In the newspaper!

So, my band got reviewed in the paper today! I thought it was crazy awesome.

hehehe!! This is the kind of review we’ve waiting for!!
As a noise-jazz band we kind of aim to make our audience vomit.
Heck yes!!

http://www.inlander.com/soundadvice/352463864564130.php

P.S. Alex’s hat is not battered. it’s brand new.

Do you have any of your music uploaded to the internet?

Your humility is endearing and laudable… standing ovation

Perhaps you could market your CDs to bulimics?

Not to threadjack, but I posted a similar ad to try and sell my old entertainment center…

Fixed for your promo material.

Ha! That’s the way to do things.

I’m not sure if Al’s uploaded our tunes yet and I’m too lazy to check but this is our URL.

That was a sweet show, even though I only watched you guys play, then had to leave.

In short, I would buy your cd.

:slight_smile:

That is awesome.

That journalist sucks at reviews…who would use “battered” three times in a row?
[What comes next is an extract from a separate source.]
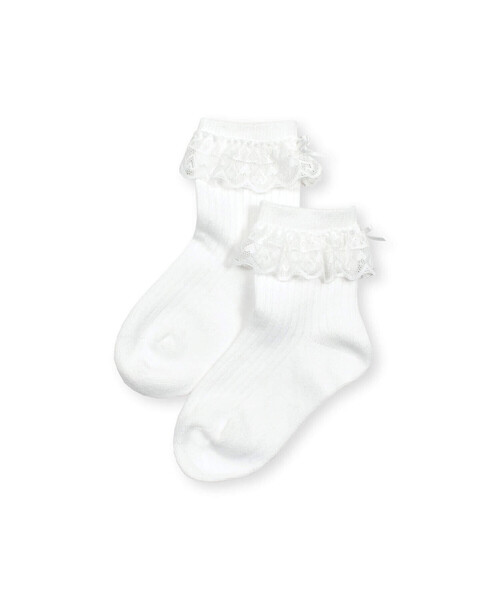 BeBe Petits Pois Vert（ベベプチポワヴェール）の「【店舗限定】ハート柄レースリボンソックス(15~24cm)（ソックス/靴下・キッズ・ホワイト/ブラック・L/XL/M）」の3枚目の写真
A retard with awful writing skills.

Cool you got in the paper.

I was afraid this thread was going to be about Goat News in the paper:

Good News: Less Goat Suckers.

Bad News: Increase in Goat Sacrifices.

Also this. Goats become sacrifical lambs for airline.
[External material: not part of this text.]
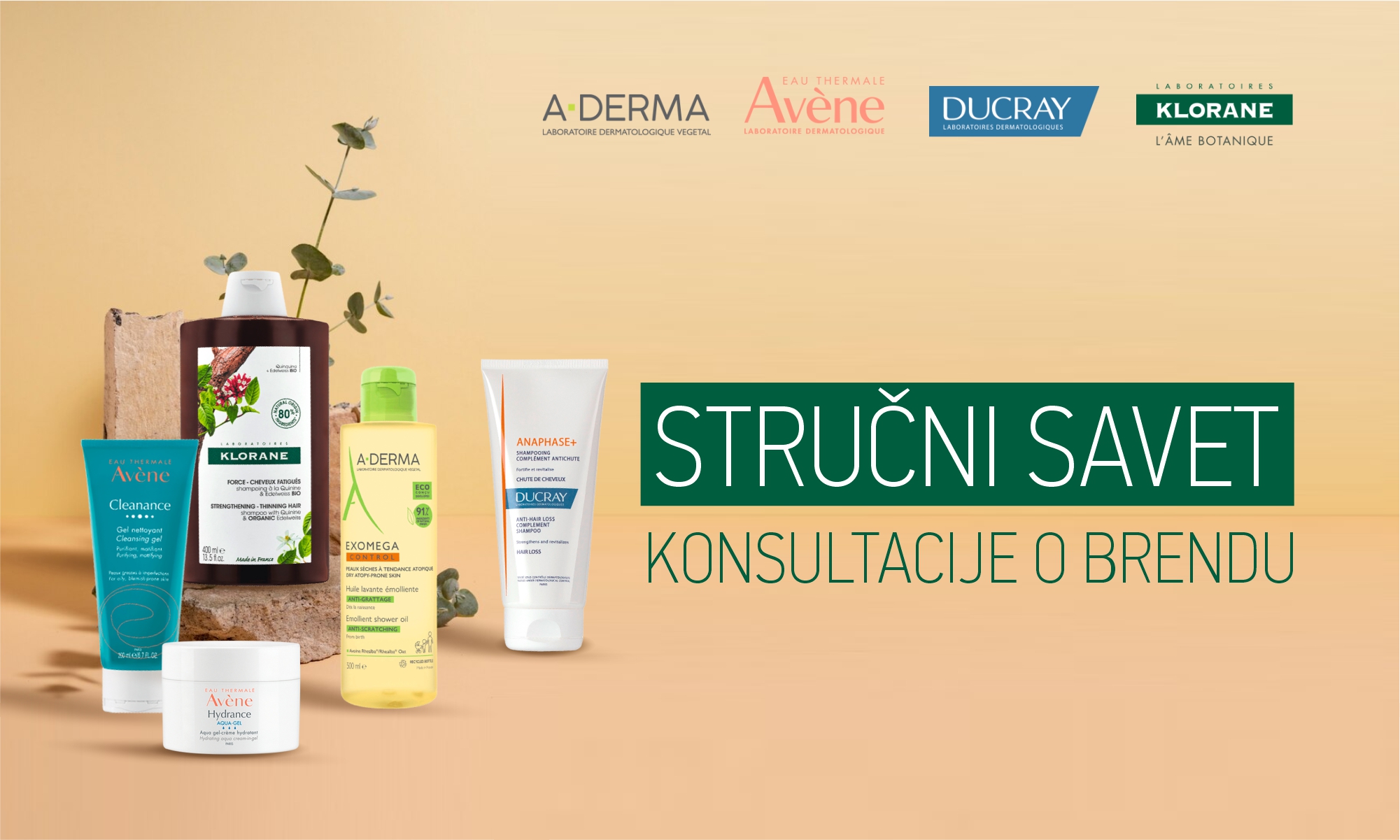 Avene, Klorane, Ducray, A-Derma - konsultacija specijalista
I was cofused when he said that we were “shabby” and “compelling”…
ABOUT THAT HAT!

gangstahshat.JPG

Uh, I think I had that one covered.

Interesting they say sacrificial lambs though, wouldn’t sacrificial kids be more accurate if they were young goats?

Many a reviewer would use it.
For effect.
For rhythm.
For cadence.
He’s writing about a free-form jazz band, allow him to use more than words?

It’s also a fun way to suggest that they’re a three-piece band without saying ‘they’re a three-piece band’, which would just be the boring, REVIEW 101 way of handling it.
That construct also makes you wonder what the third instrument is. Do you assume because it’s jazz and because the third guy is kewl enough to wear a Fedora (some people say ‘old school’, some people wear a Fedora), let alone a green one, that he must be the saxophonist?
Well?
Did ya?
Did ya?
Were you right?

Send word.

He’s a drummer.
And he was just borrowing the fedora from the bassist.